— Problem details —
Give the lines again exactly, from the one holding "Pull-out unit for" to the last line of the listing below, both ends included and nothing added.

— Dataset content —
───
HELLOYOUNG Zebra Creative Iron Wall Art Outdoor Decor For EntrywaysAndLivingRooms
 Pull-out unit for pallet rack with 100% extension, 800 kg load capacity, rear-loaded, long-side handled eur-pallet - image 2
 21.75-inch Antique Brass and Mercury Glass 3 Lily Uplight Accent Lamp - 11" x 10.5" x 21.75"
───
— Expected answer —
 Pull-out unit for pallet rack with 100% extension, 800 kg load capacity, rear-loaded, long-side handled eur-pallet - image 2
 21.75-inch Antique Brass and Mercury Glass 3 Lily Uplight Accent Lamp - 11" x 10.5" x 21.75"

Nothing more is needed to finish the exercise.